When I began writing erotica and non-fiction articles on sexuality I took a pen name for privacy. But it might surprise those of you who do not write to know that one of the biggest reasons was to separate one writing career from another.
Anyone who writes, as a profession or a hobby, knows that over-all perception of erotica authors is poor and no where is this belief held more firmly than within the writing community. "They're not real writers," other they say (or type). It's not just that we dare to write about sex (or even profit from it) but if we write about it, it must be because we "can't really write" and this is our last resort.
Anyone who writes erotica (dirty stories, erotic literature, porn -- whatever you choose to call it) will tell you that writing smut takes extra skill.

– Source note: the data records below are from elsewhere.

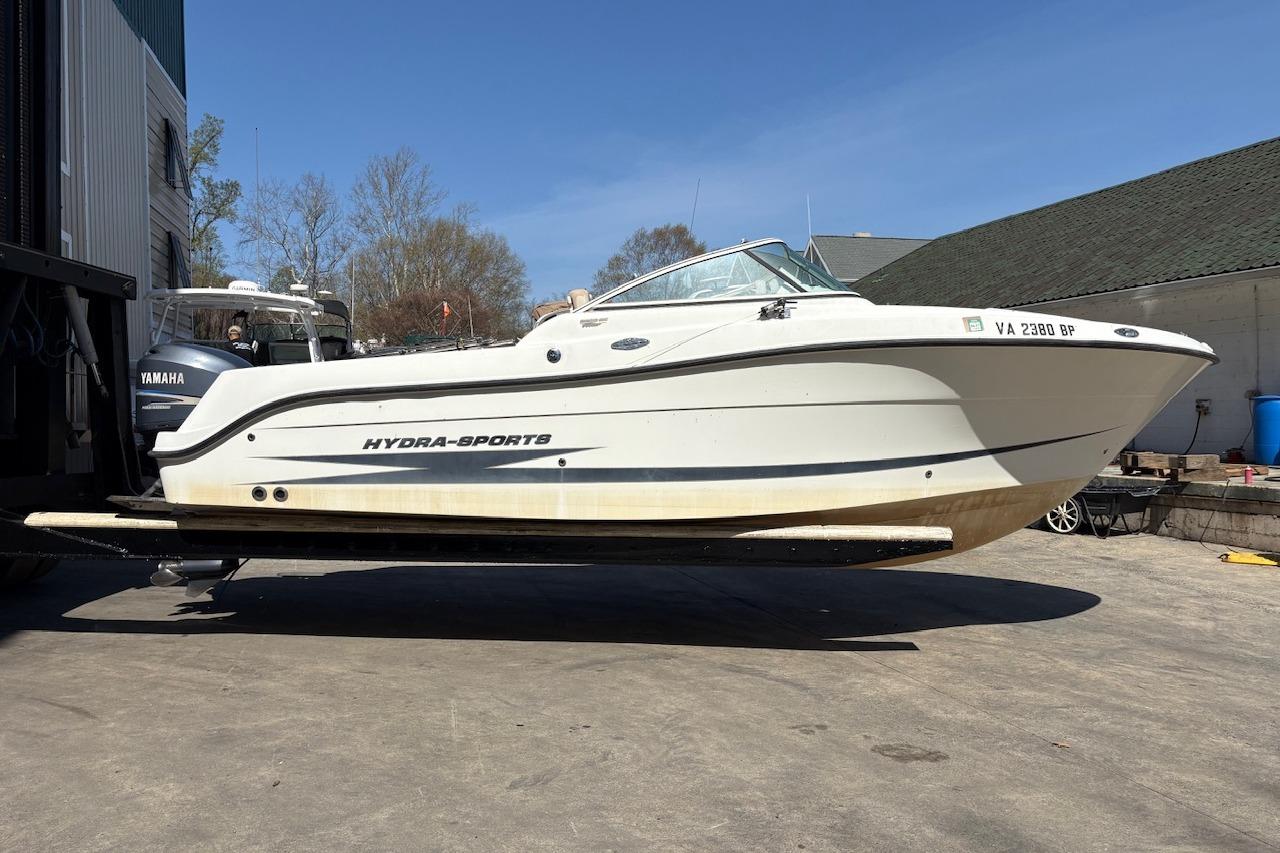 2009 Hydra-Sports 2200 DC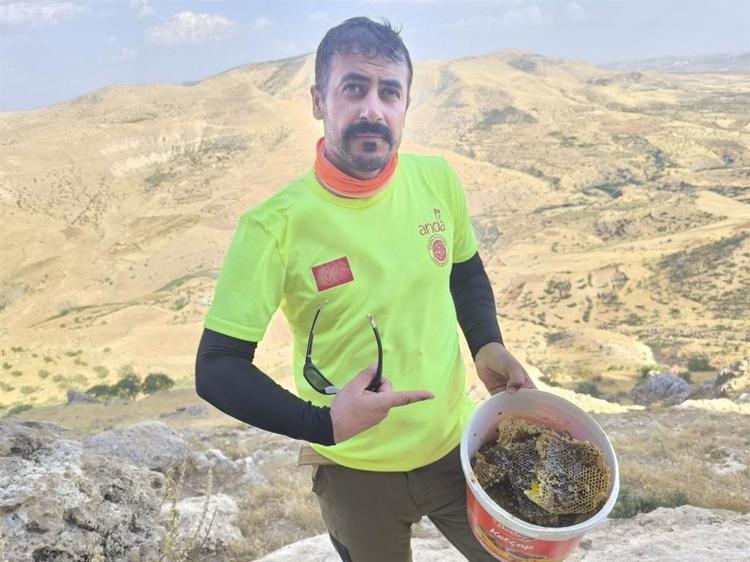 ‘GÜNDE 2-3 YUVA AÇMAYA ÇALIŞIYORUM’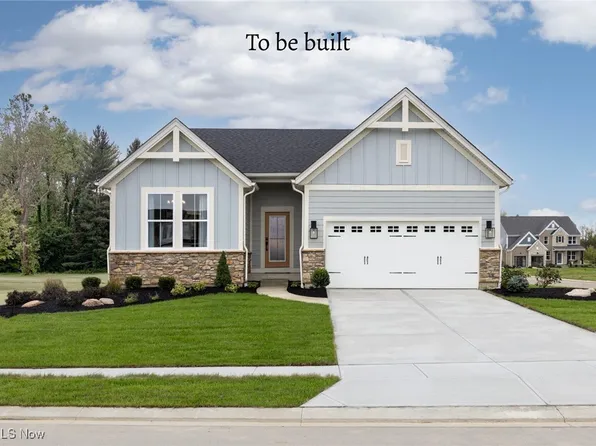 827 Colesbourne Cir, Uniontown, OH 44685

For not only must you obey all the rules of writing but you must make it arousing too. Just trying to find synonyms for "cock" (without sounding cliched) and "orgasm" (virtually non-existent) is a challenge. But 'the real writers' will giggle and sneer. I've seen the cruelty in writer's groups and online forums firsthand.
Even mainstream editors and publications may reject your work on these very notions, or just from the fear of any association. Even for non-fiction works this happens. Mention you write 'about sex' in any fashion (or have them discover you do so) and you're blackballed. So in order to preserve my professional mainstream writing reputation, I created a pen name upon joining the ranks of smut writers.
You'd think that a group which has experienced such persecution and unfair devaluation would be wiser. But they are not.